On the Continuous Processing of Health Data in Edge-Fog-Cloud Computing by Using Micro/Nanoservice Composition

The edge, the fog, the cloud, and even the end-user's devices play a key role in the management of the health sensitive content/data lifecycle. However, the creation and management of solutions including multiple applications executed by multiple users in multiple environments (edge, the fog, and the cloud) to process multiple health repositories that, at the same time, fulfilling non-functional requirements (NFRs) represents a complex challenge for health care organizations. This paper presents the design, development, and implementation of an architectural model to create, on-demand, edge-fog-cloud processing structures to continuously handle big health data and, at the same time, to execute services for fulfilling NFRs. In this model, constructive and modular $blocks$ , implemented as microservices and nanoservices, are recursively interconnected to create edge-fog-cloud processing structures as infrastructure-agnostic services. Continuity schemes create dataflows through the blocks of edge-fog-cloud structures and enforce, in an implicit manner, the fulfillment of NFRs for data arriving and departing to/from each block of each edge-fog-cloud structure. To show the feasibility of this model, a prototype was built using this model, which was evaluated in a case study based on the processing of health data for supporting critical decision-making procedures in remote patient monitoring.

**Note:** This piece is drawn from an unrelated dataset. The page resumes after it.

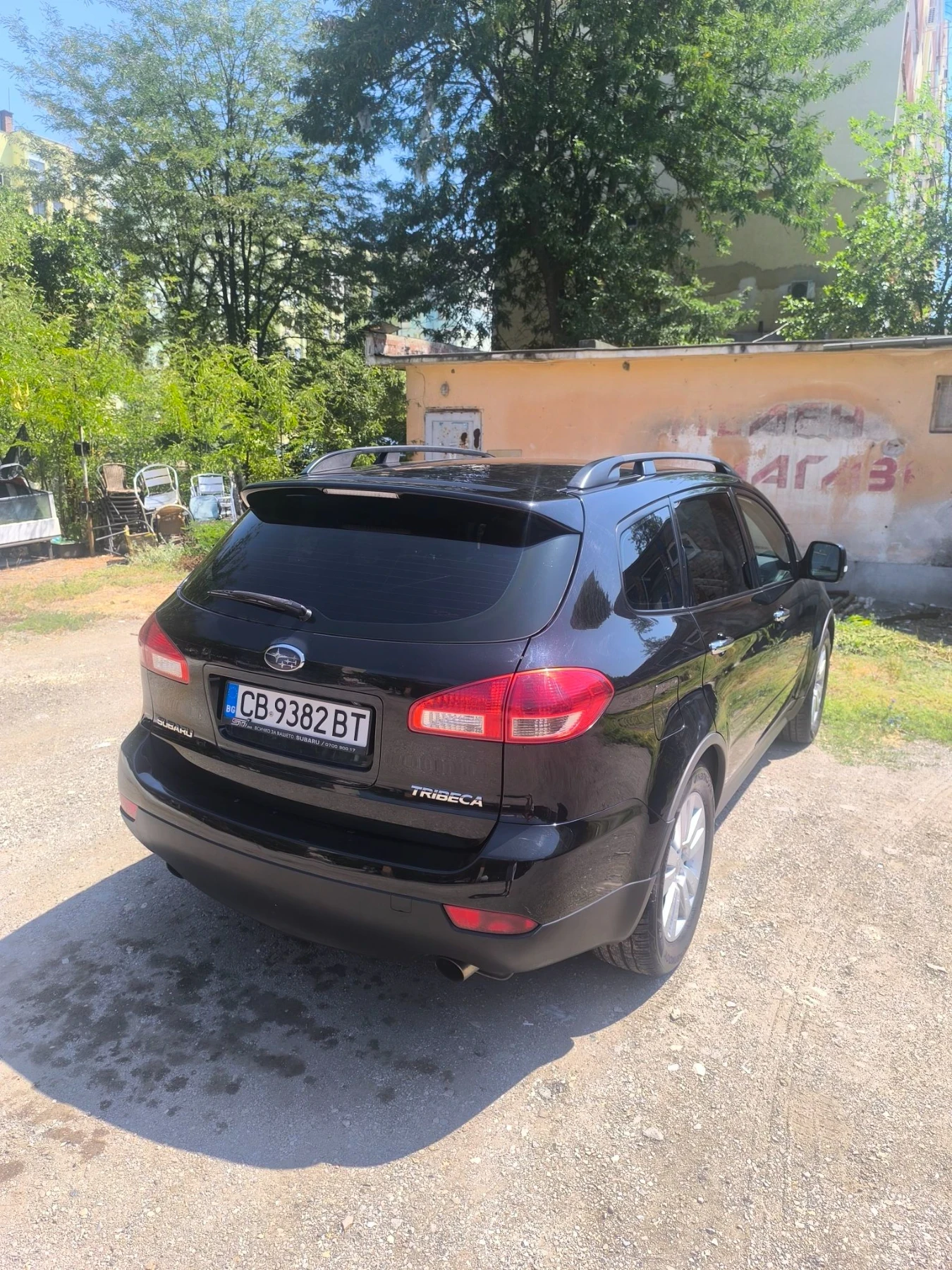Subaru B10 Tribeka, снимка 3 - Автомобили и джипове - 55806287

This study considered scenarios where end-users and medical staff received insights discovered when processing electrocardiograms (ECGs) produced by sensors in wireless IoT devices as well as where physicians received patient records (spirometry studies, ECGs and tomography images) and warnings raised when online analyzing and identifying anomalies in the analyzed ECG data. A scenario where organizations manage multiple simultaneous each edge-fog-cloud structure for processing of health data and contents delivered to internal and external staff was also studied. The evaluation of these scenarios showed the feasibility of applying this model to the building of solutions interconnecting multiple services/applications managing big health data through different environments.